See why i am arguing with you is not to support that my tut is awesome or some thing like that...Actually i am ashamed that this tut was found 2 year ago itself..

Why i am arguing with you coz your views about reference has shocked me...
I am arguing with you coz you have stated my act as plagarisum ..

You could have just posted that this tut was found 2 years ago by Amit and i would have accepted that and removed this tut itself.... but the way you argued with me was not good.....

AND THE ABOVE POST BY YOU IS ABSOLUTELY RIDICULOUS


----------



## victor_rambo (Apr 18, 2008)

^ I have nothing to do with who is doing what.



> but the way you argued with me was not good...


I know I should have not argued so much but frankly since you tried to pass it on as your own work by linking to your blog as the source, It was not possible for me to end the matter simply by pointing it out and infact, seemed as "Advertising" of your blog.

If you would not have linked to your blog unjustly, I would have never argued.


----------



## adi007 (Apr 18, 2008)

rohan_shenoy said:


> ^ I have nothing to do with who is doing what.
> 
> 
> I know I should have not argued so much but frankly since you tried to pass it on as your own work by linking to your blog as the source, It was not possible for me to end the matter simply by pointing it out and infact, seemed as "Advertising" of your blog.
> ...


First off all it's my own work...i never referred the labnol link you gave me....
I just referred the SDK docs in order to do so.....

See no one will give reference of SDK docs for their tut.....

If i was the first to make this tut then i would have never agreed with you...But unfortunately Amit found out this 2 years ago...so i can't argue with you any more...

But i must say one thing....

SDK reference is totally different from plagiarism

i think it would be nice if you could google about these two and then argue with me...


----------



## victor_rambo (Apr 18, 2008)

^ Whatever you say: Anybody who looks at the SDK docs and the tut can easily identify what the case is. I don't need to stress more to prove my point.

Referring is different from copying. Your code consists of about 10 lines of which all 10 can be exactly found as those in the docs. I don't understand what made you feel that you are justified to give  your blog as the SOURCE.

The best description would be that "You have rewritten the same tutorial".


----------



## FilledVoid (Apr 18, 2008)

If you copy pasted the code from SDK then yes I think it requires a reference . Regardless of the fact that it is from the SDK documentation. That said if it is not as is in the SDK then it is not plagiarism and its called "collusion". And I seriously doubt if anyone checks for collusion in programs . An example would be having to post a reference for every line of code you put in the Programming Section.


----------



## adi007 (Apr 18, 2008)

> Your code consists of about 10 lines of which all 10 can be exactly found as those in the docs.
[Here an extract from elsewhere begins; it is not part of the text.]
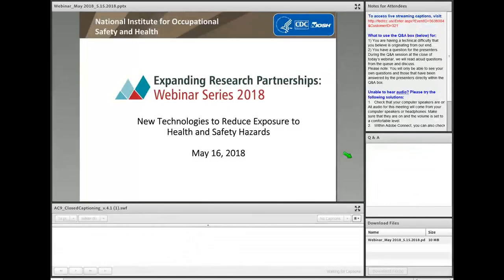Hello, and welcome to the second installment of the Expanding Research Partnerships Webinar Series. My name is Peter Grandello, and it is my pleasure to serve as the moderator for today's webinar.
rofl....rofl....You are making me to laugh.....
Do you know what a SDK mean...Did you tried to google it....?
If anyone deigns a VB app then all the code used will be specified in the SDK itself...
man i need to save this thread before the mods come and delete the posts...it's so funny


----------



## victor_rambo (Apr 18, 2008)

@Adi, what you suppose to be "referred" is actually "lifted" from SDK.

It not a case where you are using a function or a trick from SDK, but rather your whole code is lifted from SDK docs.
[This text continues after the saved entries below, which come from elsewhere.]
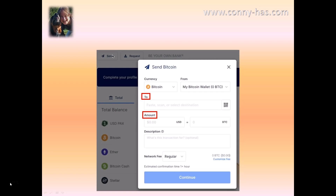The description is purely for yourself and it's optional — you can note where it came from or whatever you want to send it to. You also have your network fee, which is always on regular. I'd recommend not messing with this, but if you know what you're doing you can click on 'regular' to switch to priority, which will make the transfer go a lot faster. It shows an estimated confirmation time of plus one hour. You can see the fee you're going to pay to send that Bitcoin, then click on continue.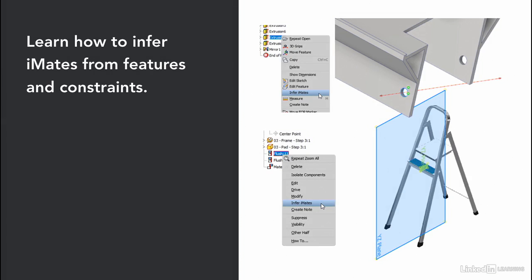And then finally, we learned how we can infer iMates from both existing features as well as constraints that already exist inside of our assemblies.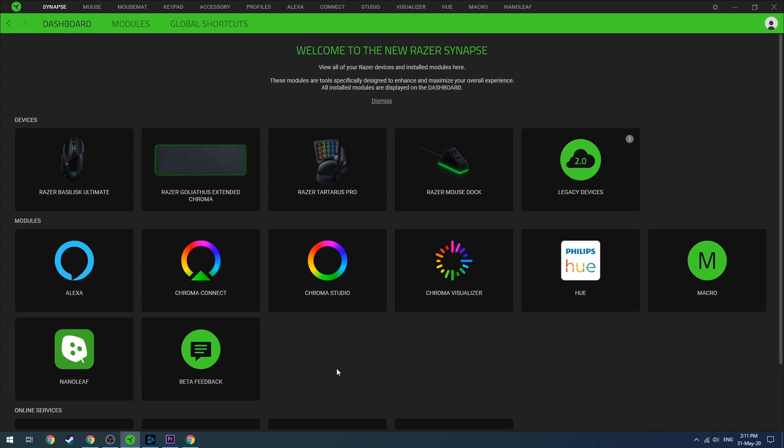Here we go. Now I'm going to show you the steps to create the macro. You have to open Synapse 3 and you'll see a dashboard with all your items.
> Do you know what a SDK mean


Does that change the reality that you lifted the code and tried to pass it as your own creative work?


----------



## adi007 (Apr 18, 2008)

FilledVoid said:


> If you copy pasted the code from SDK then yes I think it requires a reference . Regardless of the fact that it is from the SDK documentation. That said if it is not as is in the SDK then it is not plagiarism and its called "collusion". And I seriously doubt if anyone checks for collusion in programs . An example would be having to post a reference for every line of code you put in the Programming Section.


That;s what i am trying to convince him... 
I have not copy pasted the code from the SDK...you can see it for your self..


----------